_SOURCE RECORDS_:
[Start of Attachment]

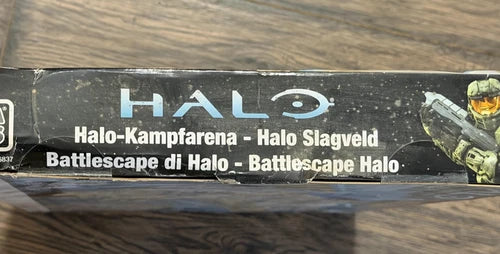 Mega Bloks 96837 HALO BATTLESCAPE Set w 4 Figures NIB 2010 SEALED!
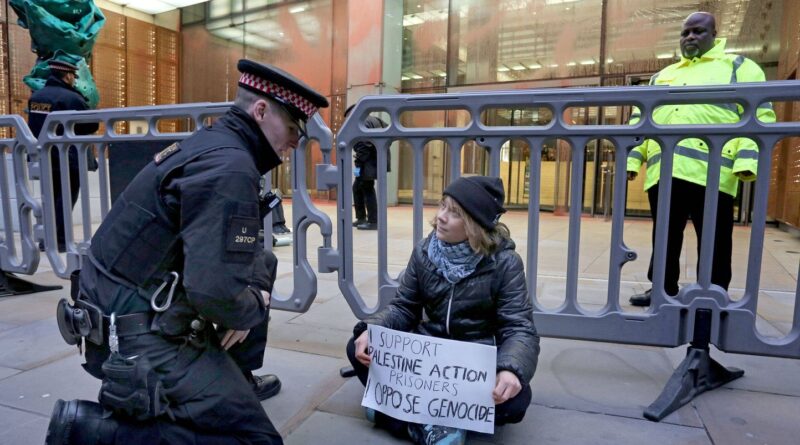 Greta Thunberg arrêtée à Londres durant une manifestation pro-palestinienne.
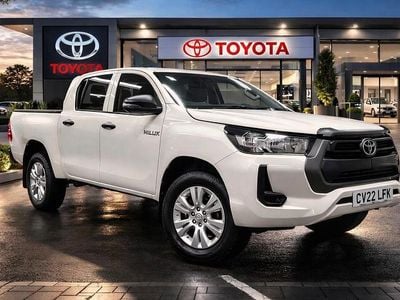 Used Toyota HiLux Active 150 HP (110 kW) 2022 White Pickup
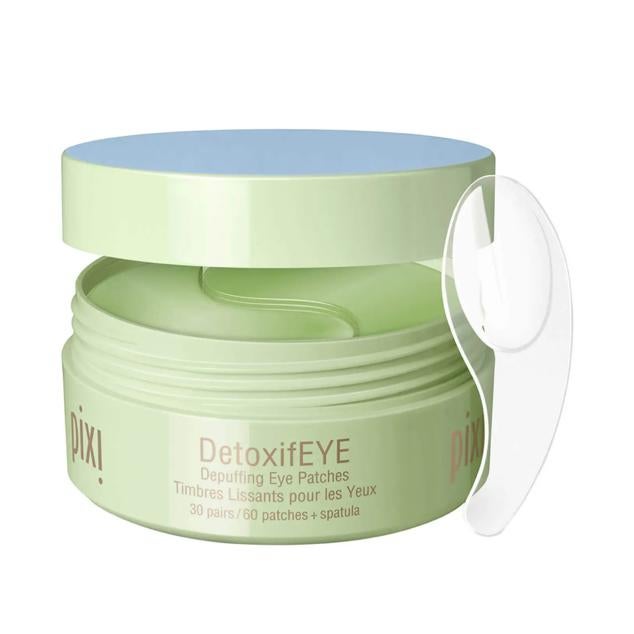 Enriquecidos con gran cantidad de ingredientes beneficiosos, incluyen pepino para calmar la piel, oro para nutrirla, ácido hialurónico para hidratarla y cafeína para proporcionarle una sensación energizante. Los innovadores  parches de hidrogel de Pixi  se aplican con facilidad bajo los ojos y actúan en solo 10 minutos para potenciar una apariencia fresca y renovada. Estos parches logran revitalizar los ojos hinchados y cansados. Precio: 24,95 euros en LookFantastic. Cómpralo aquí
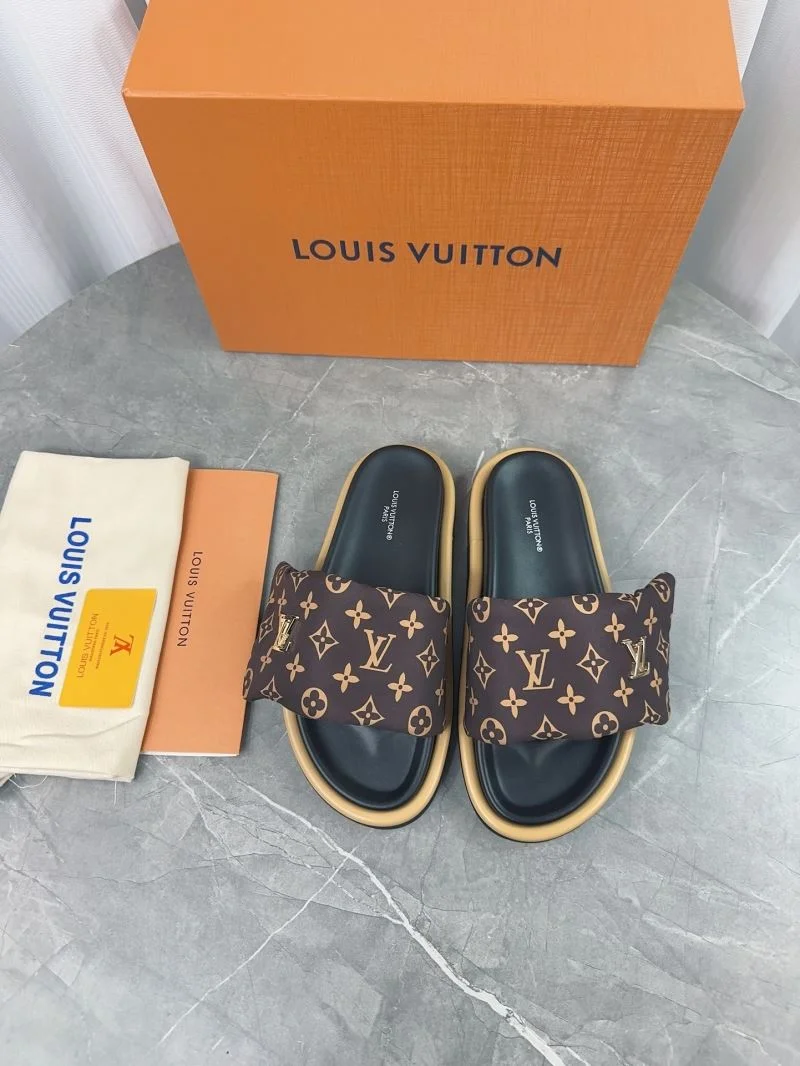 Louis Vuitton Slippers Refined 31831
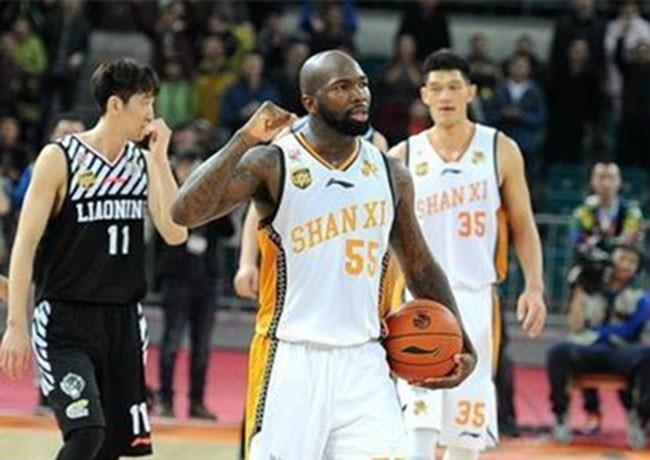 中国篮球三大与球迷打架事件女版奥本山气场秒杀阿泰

[End of Attachment]
[Start of Attachment]

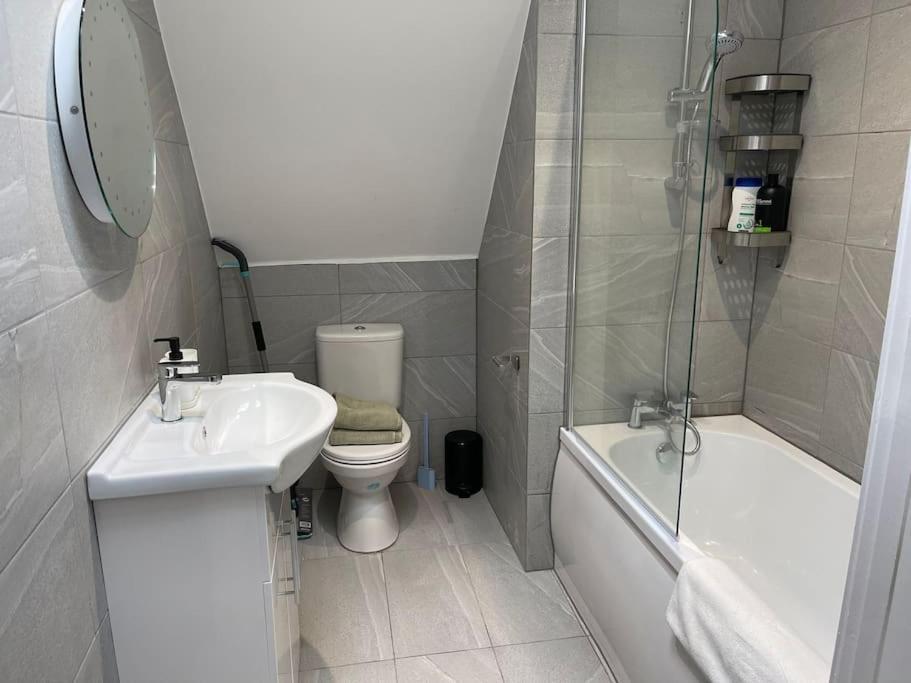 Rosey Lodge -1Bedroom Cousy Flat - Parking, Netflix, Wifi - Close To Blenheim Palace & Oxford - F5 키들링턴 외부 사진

[End of Attachment]
[Start of Attachment]

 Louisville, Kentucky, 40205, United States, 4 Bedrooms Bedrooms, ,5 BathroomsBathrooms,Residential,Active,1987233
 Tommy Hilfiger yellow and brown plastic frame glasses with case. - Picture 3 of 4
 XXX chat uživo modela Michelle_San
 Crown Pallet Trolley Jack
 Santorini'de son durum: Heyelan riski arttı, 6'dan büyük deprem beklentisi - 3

[End of Attachment]

_EXERCISE PROMPT_:
Only the lines of the listing above from the one with "Mega Bloks 96837" through the one with "中国篮球三大与球迷打架事件女版奥本山气场秒杀阿泰" should be output, exactly, with both ends kept and pictures left out.

_RESULT OF THE TASK_:
 Mega Bloks 96837 HALO BATTLESCAPE Set w 4 Figures NIB 2010 SEALED!
 Greta Thunberg arrêtée à Londres durant une manifestation pro-palestinienne.
 Used Toyota HiLux Active 150 HP (110 kW) 2022 White Pickup
 Enriquecidos con gran cantidad de ingredientes beneficiosos, incluyen pepino para calmar la piel, oro para nutrirla, ácido hialurónico para hidratarla y cafeína para proporcionarle una sensación energizante. Los innovadores  parches de hidrogel de Pixi  se aplican con facilidad bajo los ojos y actúan en solo 10 minutos para potenciar una apariencia fresca y renovada. Estos parches logran revitalizar los ojos hinchados y cansados. Precio: 24,95 euros en LookFantastic. Cómpralo aquí
 Louis Vuitton Slippers Refined 31831
 中国篮球三大与球迷打架事件女版奥本山气场秒杀阿泰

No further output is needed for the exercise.